A purely hypothetical question:

If you are the government of a country of 10 people, 1 rich 9 starving. If you don’t do anything, the 9 starving people will die.

Alternatively, you can kill the rich person and distribute the wealth to the 9 other people (so they won’t die). Is that ethical?

(the rich guy defends all his wealth with his life, so to take it, you’ll have to kill him)

Is killing by doing nothing killing, too?

I feel there is something fundamentally wrong about how we classify things as good or evil, but I’m not sure what. Any philosopher here?

It seems like an under-specified optimization problem to me. What exactly are we optimizing for? lowest mortality? fairness? average wealth? total wealth? “happiness”?

4 thoughts on “Rats vs Hamsters”

  1. see the real question is . do numbers exist. in our mind. or in our world. or just. do numbers exist? or are they concrete.

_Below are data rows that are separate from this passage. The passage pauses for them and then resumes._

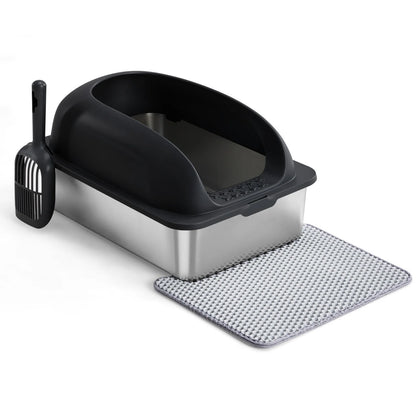 Stainless Steel Cat Litter Box Lid Scoop Mat Included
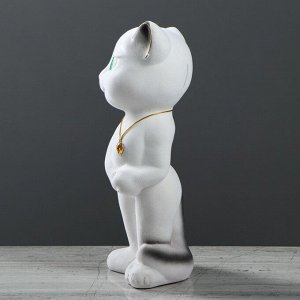 Копилка "Кошка Анжела", покрытие флок, белая, 35 см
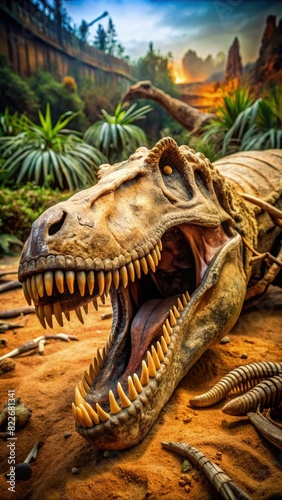 Dead Tyrannosaurus Rex Lying on the Ground. Generative AI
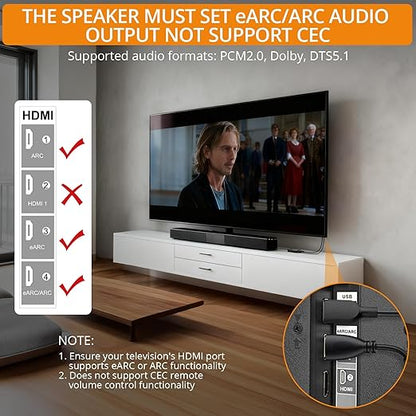 Neoteck ARC/eARC Audio Extractor, HDMI ACR Audio to Optical Extractor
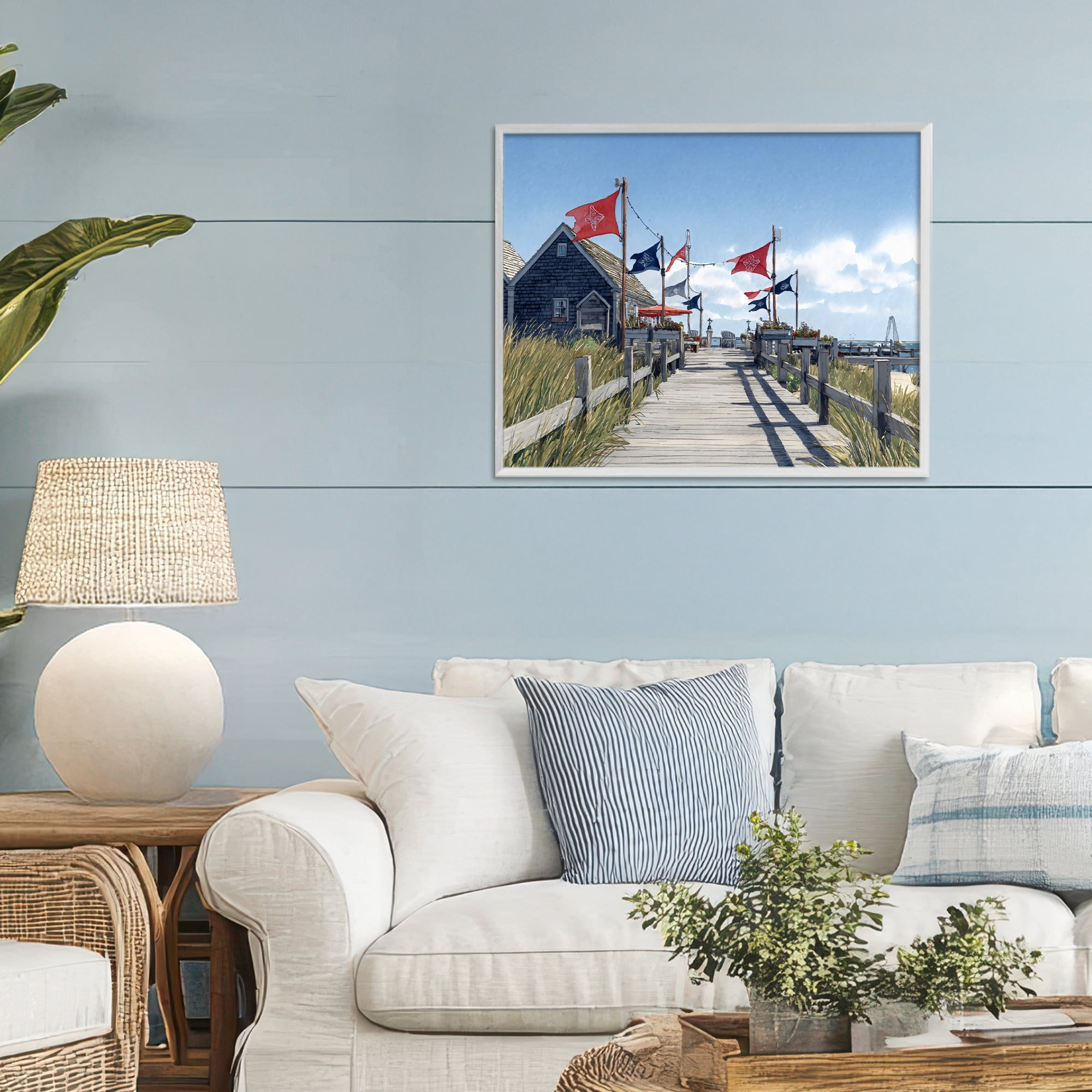 Stupell Industries Summer Boardwalk Stroll White Framed Giclee Art, design by Franklyn Gregory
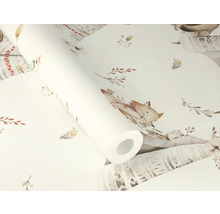 Rouleau de papier peint avec motif de renard, de plumes et de feuilles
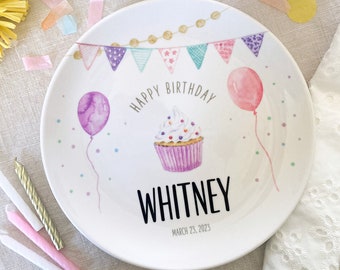 First Birthday Girl - Personalized 1st Birthday Gift - Personalized Birthday Plate - Pink Birthday Decorations - Baby Girl Birthday Present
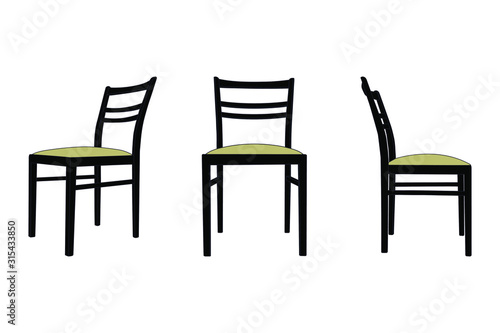 set of black chairs with a light seat. eps10 vector stock illustration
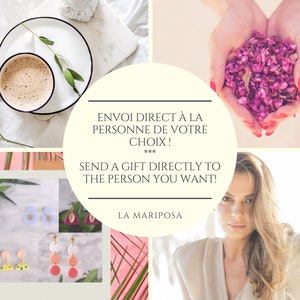 Peut inclure: Un collage d'images présentant des boucles d'oreilles en argile polymère faites à la main dans différentes couleurs et designs. Le texte "ENVOI DIRECT À LA PERSONNE DE VOTRE CHOIX! *** SEND A GIFT DIRECTLY TO THE PERSON YOU WANT! LA MARIPOSA" est affiché sur un fond crème.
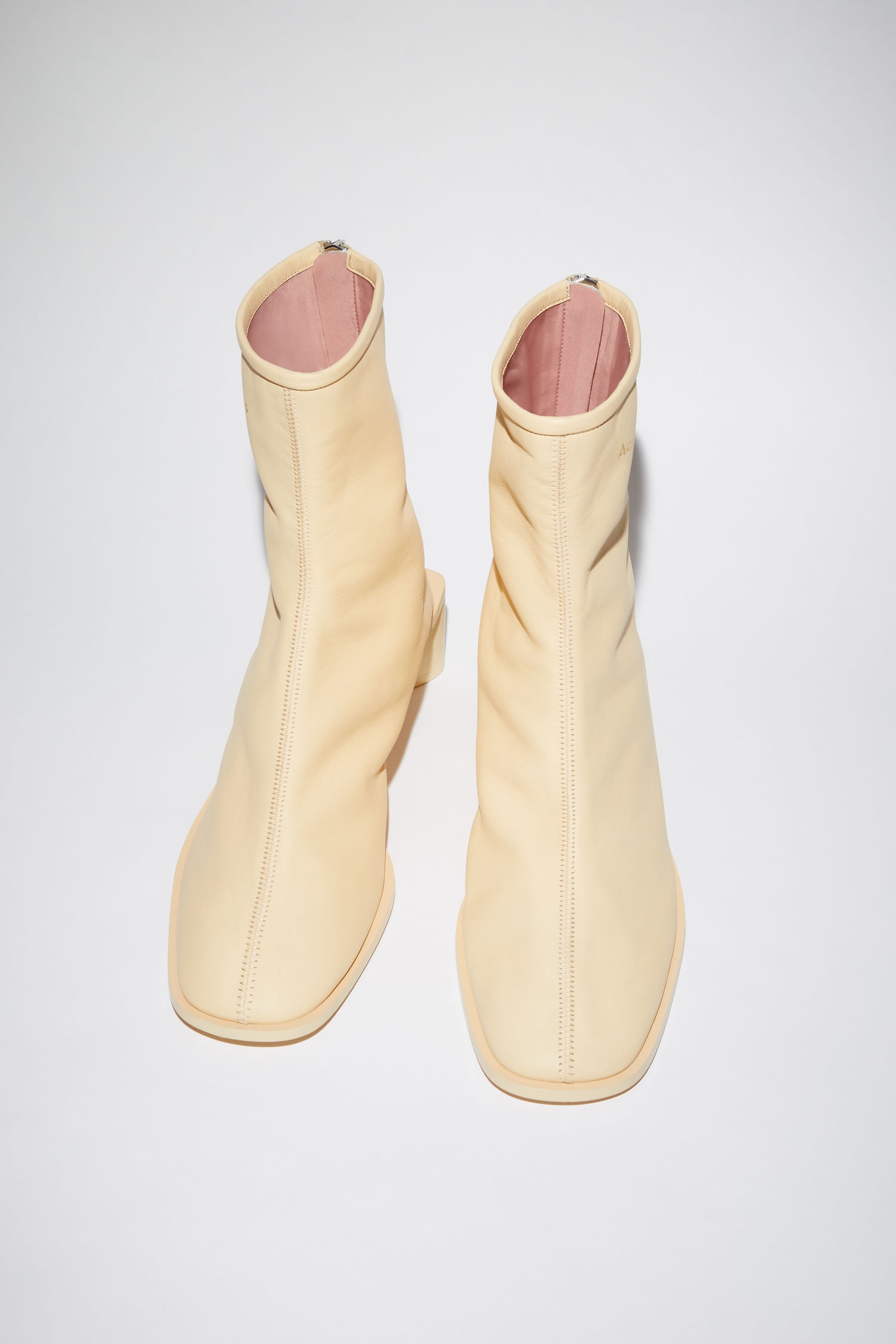 Branded leather boots - Almond beige - 2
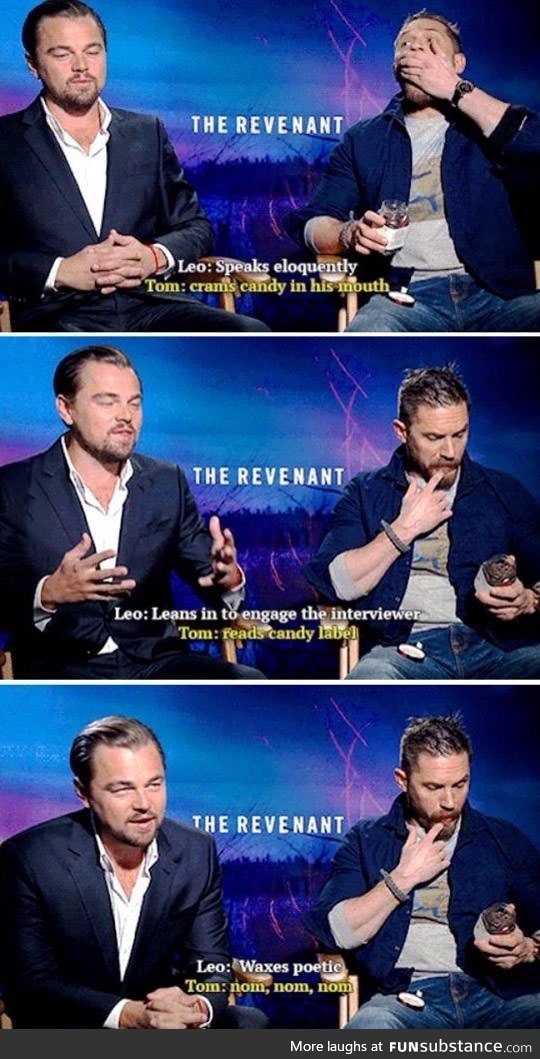 The difference between Leonardo DiCaprio and Tom Hardy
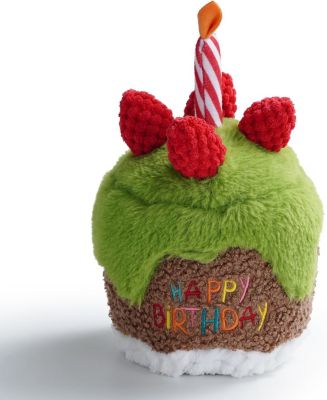 Matcha Strawberry Birthday Cake Dog Toy,  Plush Toy with Removable Birthday Song Player,  Interactive Dog Toy, Perfect Birthday Gift for Dogs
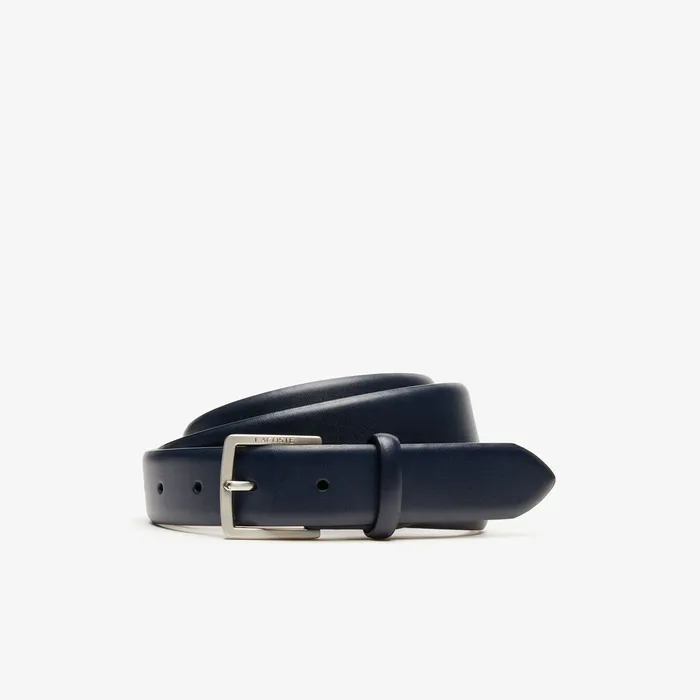 EngravedBuckle Leather Belt Dark Sapphire Mens Lacoste Belts For Sale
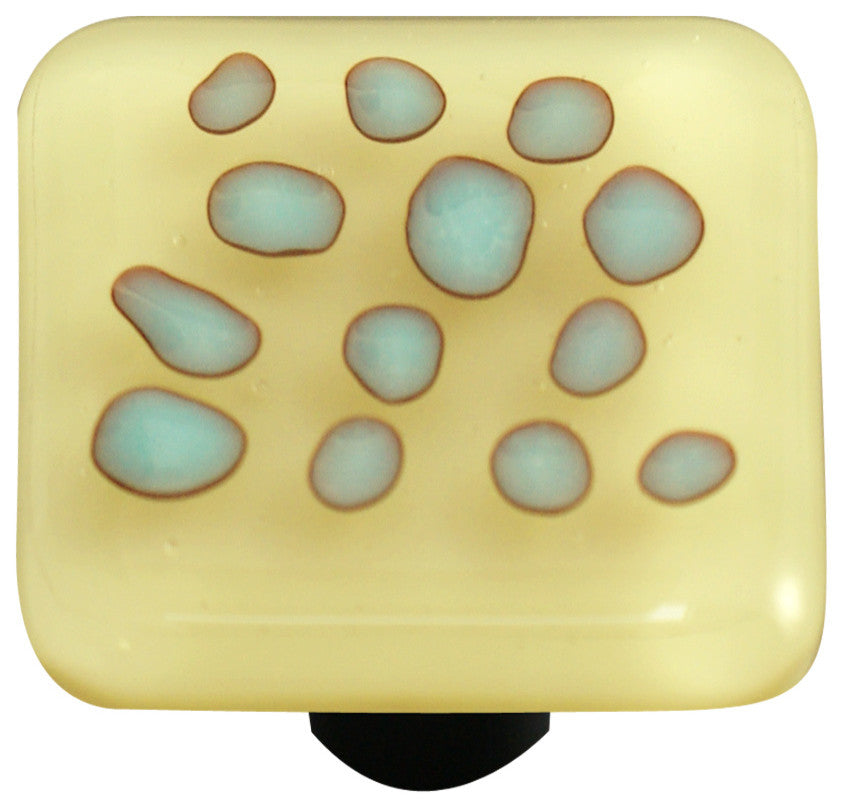 Square Glass Art Knob, Reactive Clear French Vanilla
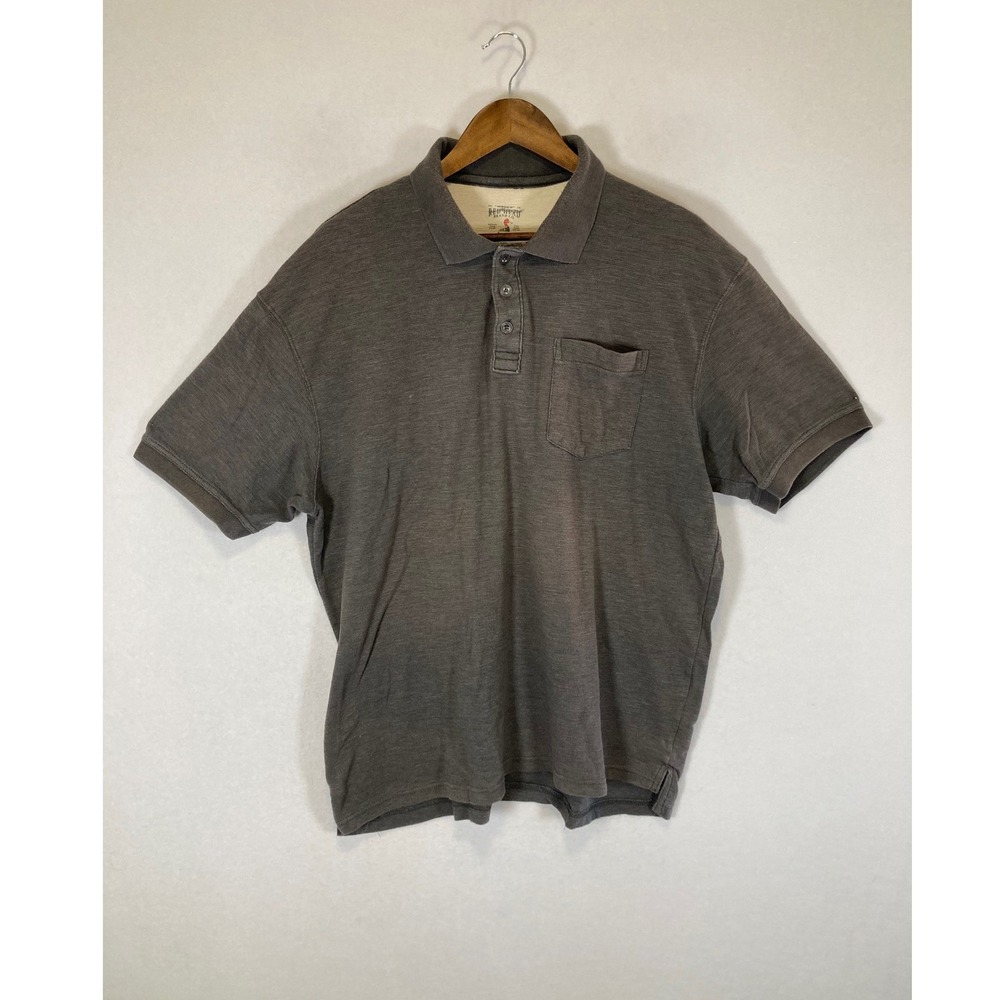 Rugged RedHead Brand Co Mens XL Brown Slub Knit Pocket Polo Shirt Short Sleeve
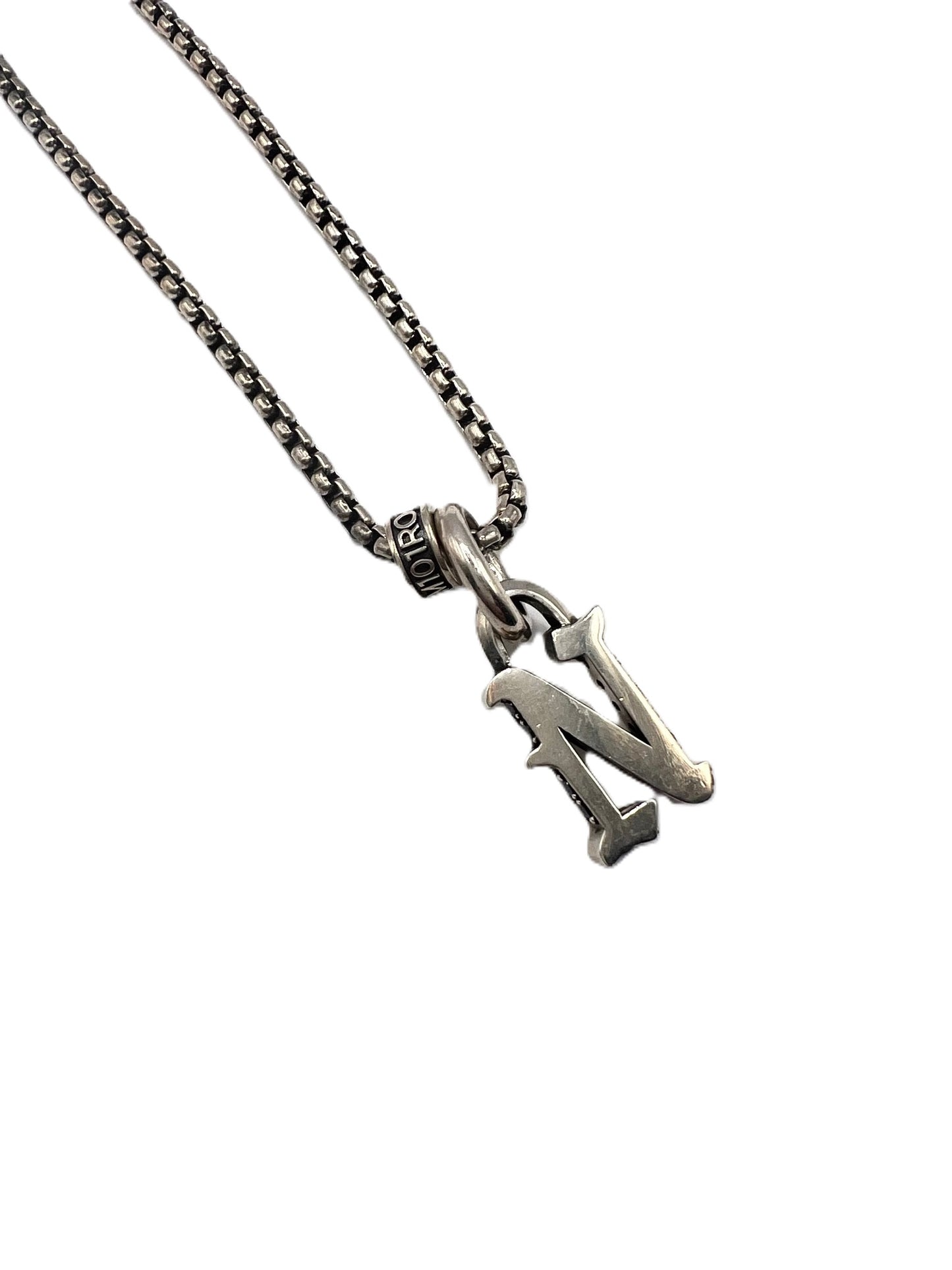 STERLING SILVER INITIAL LETTER "N"PENDANT IN OLD ENGLISH WITH CHAIN /PROTOTYPE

      1. One can’t talk of morality without a subject, if we can concede this then the question is the good or bad of the group (where killing for the group takes on a different importance then a purely selfish act.) Or the rich man’s morality.

        Those are my naive assertions in any case.

        1. It could be that it turns out that after killing the “rich man” it is discovered that his “wealth” is poisoned and that he was attempting to keep the people from killing themselves (unable to communicate this.) or perhaps with more subtlety, that the “rich man” believed the goods to be poisoned.